Task statement - Beginning with the line that mentions "this 500×300 image.", reproduce every line through the last line of the entries, exactly, and only those.

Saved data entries
────────────────────

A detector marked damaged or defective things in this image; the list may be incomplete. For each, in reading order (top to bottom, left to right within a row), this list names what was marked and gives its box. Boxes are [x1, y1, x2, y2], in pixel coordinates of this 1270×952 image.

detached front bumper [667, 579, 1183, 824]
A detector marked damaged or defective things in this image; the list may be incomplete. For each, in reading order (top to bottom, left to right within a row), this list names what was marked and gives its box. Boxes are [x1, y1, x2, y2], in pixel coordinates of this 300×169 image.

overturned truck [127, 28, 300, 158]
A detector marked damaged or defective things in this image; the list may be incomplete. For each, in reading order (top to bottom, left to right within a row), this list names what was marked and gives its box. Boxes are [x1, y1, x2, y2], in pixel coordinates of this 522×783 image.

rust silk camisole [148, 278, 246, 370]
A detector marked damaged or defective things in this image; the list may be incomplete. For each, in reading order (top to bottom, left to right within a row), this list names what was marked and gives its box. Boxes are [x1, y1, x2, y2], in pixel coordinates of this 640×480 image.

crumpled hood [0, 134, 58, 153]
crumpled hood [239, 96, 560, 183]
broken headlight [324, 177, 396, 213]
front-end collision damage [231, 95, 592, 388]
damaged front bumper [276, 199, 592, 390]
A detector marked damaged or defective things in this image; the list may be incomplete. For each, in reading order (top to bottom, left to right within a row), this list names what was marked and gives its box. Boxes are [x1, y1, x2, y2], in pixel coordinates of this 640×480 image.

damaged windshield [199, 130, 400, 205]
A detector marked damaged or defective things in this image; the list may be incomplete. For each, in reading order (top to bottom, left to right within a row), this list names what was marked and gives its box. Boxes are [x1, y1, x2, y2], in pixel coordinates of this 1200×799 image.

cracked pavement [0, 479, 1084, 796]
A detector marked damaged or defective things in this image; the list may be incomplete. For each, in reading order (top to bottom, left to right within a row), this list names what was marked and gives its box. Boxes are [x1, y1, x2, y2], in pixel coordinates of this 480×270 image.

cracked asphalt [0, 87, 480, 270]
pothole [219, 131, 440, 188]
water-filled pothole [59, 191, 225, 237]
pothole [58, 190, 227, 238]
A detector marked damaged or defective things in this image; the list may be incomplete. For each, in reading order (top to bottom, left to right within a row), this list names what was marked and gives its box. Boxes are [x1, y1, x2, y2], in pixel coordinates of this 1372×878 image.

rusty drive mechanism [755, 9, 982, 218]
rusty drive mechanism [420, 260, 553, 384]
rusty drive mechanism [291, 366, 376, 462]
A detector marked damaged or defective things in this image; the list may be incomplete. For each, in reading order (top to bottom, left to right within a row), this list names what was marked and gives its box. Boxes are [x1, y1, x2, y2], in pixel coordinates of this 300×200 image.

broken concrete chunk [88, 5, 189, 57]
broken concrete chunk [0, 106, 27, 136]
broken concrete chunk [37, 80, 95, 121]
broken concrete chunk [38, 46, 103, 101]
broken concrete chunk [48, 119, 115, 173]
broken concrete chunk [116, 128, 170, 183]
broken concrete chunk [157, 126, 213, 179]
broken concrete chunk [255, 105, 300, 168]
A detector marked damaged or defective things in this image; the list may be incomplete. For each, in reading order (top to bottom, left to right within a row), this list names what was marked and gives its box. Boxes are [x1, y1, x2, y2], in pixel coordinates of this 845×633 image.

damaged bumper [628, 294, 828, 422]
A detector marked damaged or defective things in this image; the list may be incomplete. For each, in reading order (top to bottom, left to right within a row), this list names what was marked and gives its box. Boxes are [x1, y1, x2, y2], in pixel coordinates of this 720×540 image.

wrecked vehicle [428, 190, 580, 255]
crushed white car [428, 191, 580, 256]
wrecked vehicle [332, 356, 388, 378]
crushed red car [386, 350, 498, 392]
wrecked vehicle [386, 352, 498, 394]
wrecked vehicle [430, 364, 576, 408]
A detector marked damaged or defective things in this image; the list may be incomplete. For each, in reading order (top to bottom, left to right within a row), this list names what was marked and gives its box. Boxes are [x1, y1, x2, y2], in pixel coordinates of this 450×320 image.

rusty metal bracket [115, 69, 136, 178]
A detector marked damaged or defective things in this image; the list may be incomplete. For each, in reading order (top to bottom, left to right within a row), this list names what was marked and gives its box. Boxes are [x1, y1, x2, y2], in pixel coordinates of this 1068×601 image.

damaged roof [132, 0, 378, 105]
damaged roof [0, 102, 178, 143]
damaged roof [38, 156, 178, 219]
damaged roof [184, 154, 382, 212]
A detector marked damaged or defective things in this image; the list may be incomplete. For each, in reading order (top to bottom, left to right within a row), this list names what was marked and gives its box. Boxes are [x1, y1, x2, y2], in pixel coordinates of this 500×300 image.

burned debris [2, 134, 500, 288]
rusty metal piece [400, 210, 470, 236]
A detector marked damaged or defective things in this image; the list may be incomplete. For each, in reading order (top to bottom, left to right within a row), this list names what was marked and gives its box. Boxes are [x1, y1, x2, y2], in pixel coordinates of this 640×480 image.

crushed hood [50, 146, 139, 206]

────────────────────

Response area -
A detector marked damaged or defective things in this image; the list may be incomplete. For each, in reading order (top to bottom, left to right within a row), this list names what was marked and gives its box. Boxes are [x1, y1, x2, y2], in pixel coordinates of this 500×300 image.

burned debris [2, 134, 500, 288]
rusty metal piece [400, 210, 470, 236]
A detector marked damaged or defective things in this image; the list may be incomplete. For each, in reading order (top to bottom, left to right within a row), this list names what was marked and gives its box. Boxes are [x1, y1, x2, y2], in pixel coordinates of this 640×480 image.

crushed hood [50, 146, 139, 206]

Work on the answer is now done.